The Dropbox team has found graceful ways to overcome these challenges, both before and after a user signs up for the service.
Users are likely brought to the site by a recommendation from a friend or publication, but the real Dropbox experience starts on the homepage. They are presented with a friendly and easy-to-follow video, which explains the service in a manner both techies and non-techies will appreciate. Underneath the video is a single call-to-action encouraging users to download Dropbox — to avoid presenting the user with unnecessary choice, it detects their operating system and serves the correct version of the application.
If the video isn’t enough, or if users want to learn more, the site offers the friendliest product tour I’ve ever seen. The five-page “book” is a quick read, easily understood and filled with quirky illustrations. Even the least computer-literate user should have no trouble understanding and downloading the program.
The real magic happens once the user has already installed Dropbox and signed up for an account. In order to better explain the service and provide the user with authentic, personal use cases, the Get Started page includes a list of tasks essential to the Dropbox experience. The tasks include items like “Install Dropbox on other computers you use” and “Share a folder with friends and colleagues” — fundamental activities which might not be obvious when explained in a video or tour. To incentivize completion of the list, Dropbox offers users an additional 250 MB of storage for finishing the tasks.
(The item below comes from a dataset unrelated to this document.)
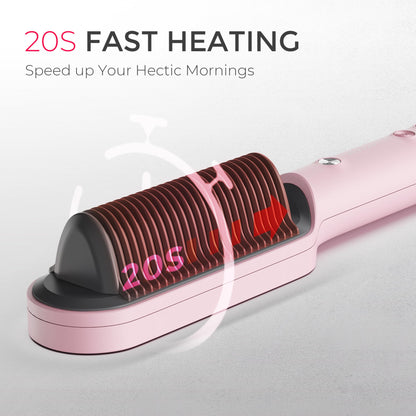 Hair Straightener Brush, TYMO Ring Hair Straightener Comb Straightening Brush for Women with 5 Temps 20s Fast Heating & Dual Voltage, Black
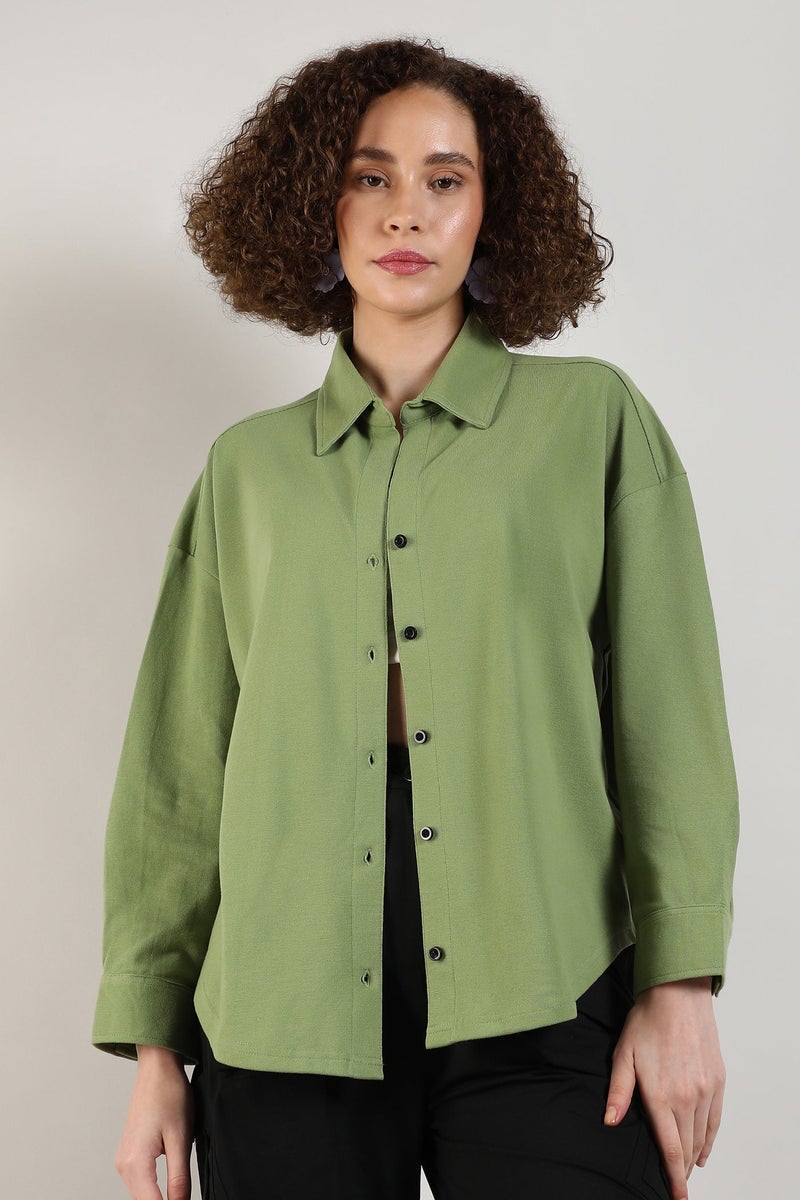 Campus Sutra Women's Pistachio Green Solid Boxy Shirt - Image 1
This solution is much more elegant than simply forcing users to sit through instructions. For one thing, it offers them a choice; nobody is forced to go through the steps, but most people will anyway in order to gain the reward. Furthermore, the reward is intrinsically linked to the product — it isn’t a tangential incentive like a badge, but rather more of the product itself. Rewarding appropriate use of a product with more of the same product is simple and elegant.
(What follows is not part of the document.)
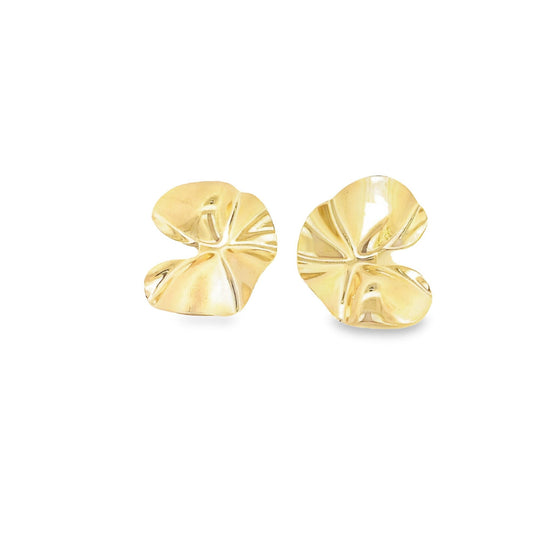18K Gold Filled Minimalist Wavy Textured Earring (L387)-0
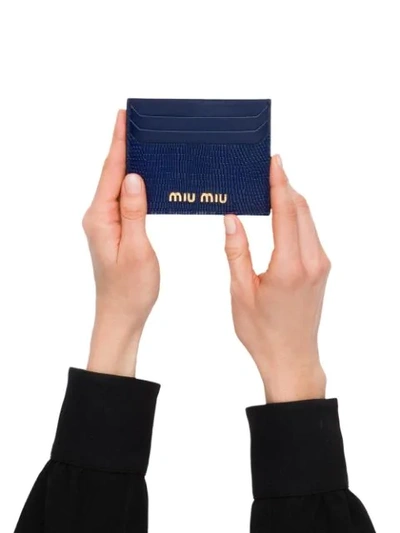 Shop Miu Miu Lizard-print Cardholder In F0021 Ink Blue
Dropbox uses the same model a second time to incentivize marketing. By clicking on the infinitely-enticing “Get free space!” link at the top of each page, users are given a list of marketing tasks with associated rewards. By following @dropbox on Twitter, for instance, one can earn an additional 125 MB. Using the Camera Upload feature on the mobile app earns a further 500 MB. These tasks are simple, quick, and surprisingly addictive — once I completed one, I felt compelled to complete the rest.
Through the use of creative onboarding, Dropbox provides the means for users to get acquainted with how it works and why it’s worth using. The friendly tone and hand-drawn style offset the dryness of the topic, similar to Mailchimp‘s use of a ridiculous(ly awesome) mascot for the similarly dry subject of email marketing. For all of us involved in app or product development, Dropbox is full of lessons about effective onboarding.